The villagers were told they would not be harmed if they paid a religious tax also imposed on Christians by the group, survivors say. But they were deceived. ISIL considers the Yazidis, non-Muslims who practice an ancient faith, as devil worshippers who can be killed and enslaved at will.
ISIL soon threatened to kill the villagers if they refused to convert to Islam, only to appear to backtrack a few days later. Then, on August 15, the militants came to the village in force. They again demanded that the Yazidis convert, but promised they could leave ISIL-held territory unharmed if they declined.
After the villagers refused, they were herded into Kocho’s school, where the men and women were separated, and their valuables taken from them. The men were piled onto the back of trucks and driven off, one group at a time.
The men had been told they would be driven to Mount Sinjar. Instead, the extremists brought the Yazidis to farm houses near the village, where they were forced to climb into empty irrigation ponds and shot. According to Mr Hassoon, 380 men from Kocho perished that day.
The same fate befell the old women, who were trucked to Solag and butchered. After the killings, ISIL came with bulldozers to cover the bodies with earth and flatten the ground, but some of the evidence remains visible.
Nineteen men survived massacres in at least four different locations, says Ali Abbas Ismael, who managed to escape.

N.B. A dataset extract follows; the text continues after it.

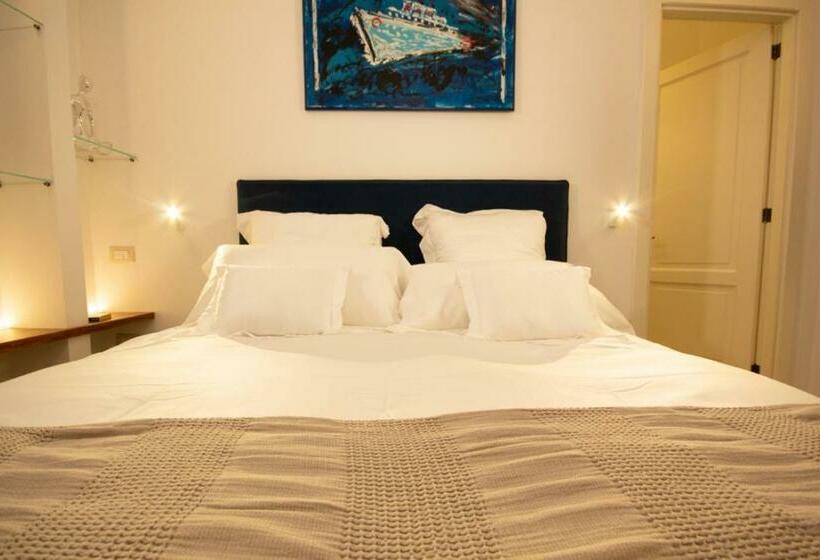 חדר דלוקס, Palazzo Raho Art Museum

Mr Ismael was hit in the back and the arm when ISIL shot one group of around thirty men, surviving only because others fell on top of him, shielding him from further bullets.

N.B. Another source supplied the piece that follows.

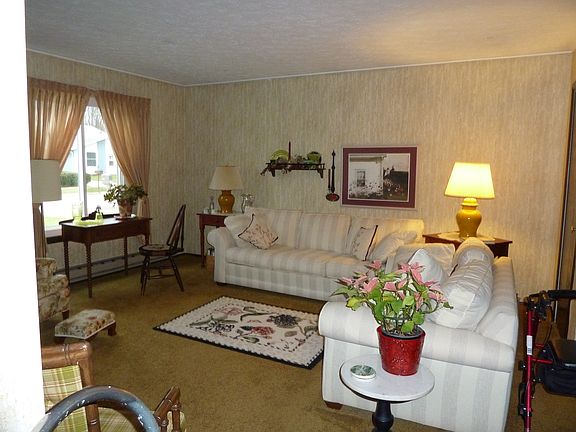 3rd image of 6158 Rosebelle Ave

“They shouted ‘Allah Akhbar’ and started shooting. They were filming the massacre,” he says, sitting on the floor of a container in the refugee camp near Dohuk.
Heavily wounded, he and two other men crawled out of empty water ponds now filled with corpses, and saw the militants return with a bulldozer to flatten the grave.
Kheder Hassan Ahmed, a handsome 18-year-old with carefully styled hair and mournful eyes, was among seven survivors of a group of 33 men who were shot by the extremists at one of the farms they had earmarked for murder. Bleeding heavily from a gunshot wound in the neck, he walked all night to reach the mountain.
He does not know what became of his parents and his four brothers, but after the grim discovery at Solag he fears the worst.
“They killed all the old women, and my mother was old, so I think she is dead. Now I don’t have any hope that she is alive, or that my brothers and my father are still alive,” he says.
Mr Khalas, meanwhile, survived a massacre at another farmhouse by pretending to be dead, but saw the militants kill a cousin who lost his nerve and did not keep quiet. After escaping from the mass grave, Mr Khalas patched up his wounds with his socks and scarf. On the way to the mountain, he and other survivors drank cooling water from the engine of a pick-up truck to quench their thirst.
Mr Hassoon, an expatriate Yazidi who had worked on genocide cases in Holland, happened to be visiting relatives in Sinjar when ISIL attacked, and was forced to flee to the mountain. On his first day on the plateau, he heard gun salvos ring out from the plains below, and knew that ISIL was shooting civilians en masse.
After ISIL was pushed out of the areas north of the mountain last December, Mr Hassoon found five mass graves. They were discovered quickly as witnesses had already alerted his office about the killings. On the southern plains, five mass graves have already been found and more gruesome finds are sure to follow.
“We only just liberated the city [Sinjar], and around the city there are a lot of villages, where we will find a lot of evidence of genocide. There are still areas under the control of ISIS — we believe that we will discover more there,” says Mr Hassoon, standing next to the Solag grave.
The investigator wants to build a case for genocide that can be taken to the International Criminal Court (ICC) in The Hague, a task that is complicated by the fact that Iraq is not a member of the ICC.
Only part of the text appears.